We’ll start with the stock. I can think of nothing to cure the low-yield blues than a fat 9% dividend, and that is exactly what Spanish telecom giant Telefónica (NYSE: $TEF) is offering at current prices.
Telefónica has taken a beating in recent years due primarily to weakness in the Spanish fixed-line market. Yet Telefónica’s promising Latin American markets—which make up nearly half of revenues—continue to grow. While mobile phones are already ubiquitous in Latin America, many consumers still use simple prepaid plans or share a single phone with multiple family members.

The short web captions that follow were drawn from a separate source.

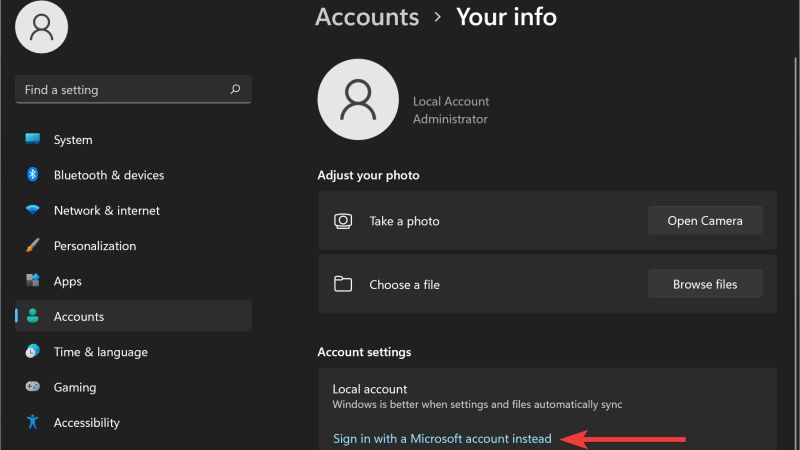 connect local account with microsoft account in windows 11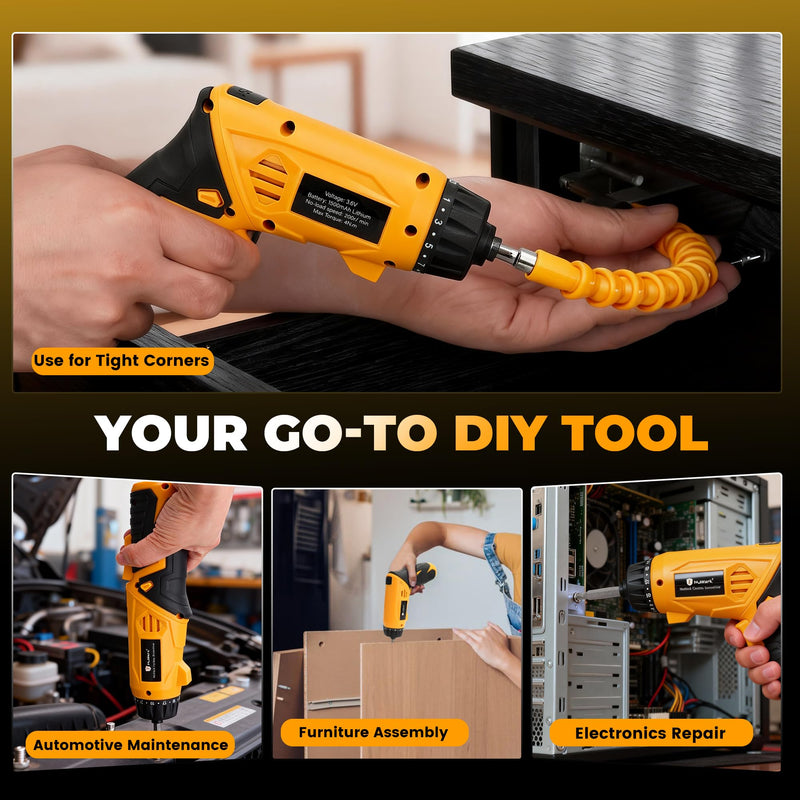 MulWark Electric Screwdriver Set, 4V Cordless Screwdriver with 46 Precision Driver Bit Set in Carrying Case Rechargeable 2-Position Handle, Powered Screwdriver Kit for Home Improvement, DIY Projects Yellow Medium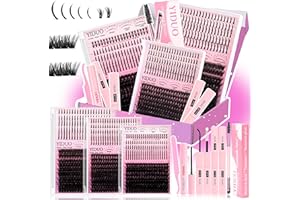 YIDUO Lashes Clusters Kit with Spikes Bottom Extensions False Eyelashes 816Pcs Bulk Packs with 2X Bond&Seal Volume D Curl Wispy Individual Fake Eyelash Wholesale Large Pack for Beginners Gift Choice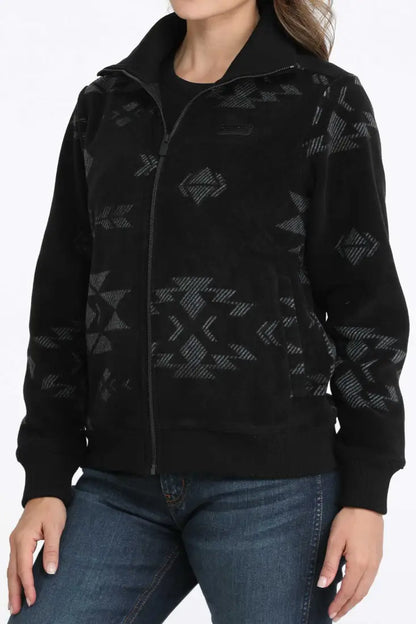 Cinch Women’s Black Aztec Polar Fleece Full Zip Jacket Women’s Coat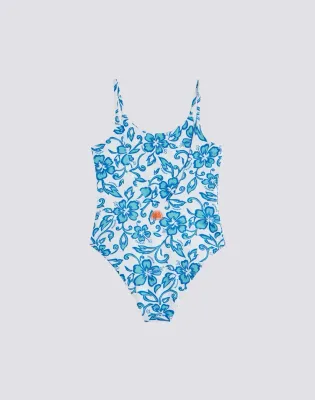 Sundek Girls White One-Piece Swimsuit with SK23 Print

The upgrade cycle to smart phones with expensive data plans is just beginning, and Telefónica is in excellent position to capture this trend.
Telefónica cut its dividend last year to conserve cash during the Eurozone debt crisis; yet even after the cut, the yield stands at 9%, and I believe that the payout is likely to significantly rise again within a year. Telefónica is a stock that you can plan to hold for years, milking the dividend all the way.
Moving on, with the market looking at risk of a short-term correction, having some part of your portfolio allocated to more defensive sectors would seem prudent. And the iShares Dow Jones Select Dividend ETF (NYSE: $DVY) fits the bill quite nicely. Nearly half of the ETF is invested in utilities and consumer staples, and all of the companies included have a long history of consistent dividend payouts. This was the first ETF formed with a specific dividend-focused mandate, and it remains one of the best.
At current prices, DVY yields 3.33%, which is considerably more than what you will find in the bond market. This ETF is a fine investment option for yield-hungry investors irrespective of what happens in the broader market.
Finally, for the mutual fund, I’m going to go a slightly different direction. Rather than focus on high yield today, I recommend that investors buy shares of the Vanguard Dividend Appreciation Fund (VDAIX) with a mind towards tomorrow. The Vanguard fund follows the investment methodology of the Dividend Achievers Index, meaning that it only buys shares of companies that have raised their dividends for a minimum of ten consecutive years.
We’ve had a pretty rough go of it over the past ten years, and particularly the last five. If a company was able to raise its dividend through something like the 2008 meltdown, you know that it has the ability to survive Armageddon. And VDAIX is loaded full of companies that meet that description.
Currently, the fund yields just shy of 2%, within basis points of the 10-year Treasury. But unlike that Treasury note, the Vanguard fund will almost certainly pay you a larger check next year and every year after that. In addition to being a reliable source of income, this is a fund that you can make the core of your growth portfolio.
So, dear reader, don’t despair. There are income options out there besides traditional bonds. And if these three don’t lift your spirits, perhaps putting on an old John Lee Hooker record will help.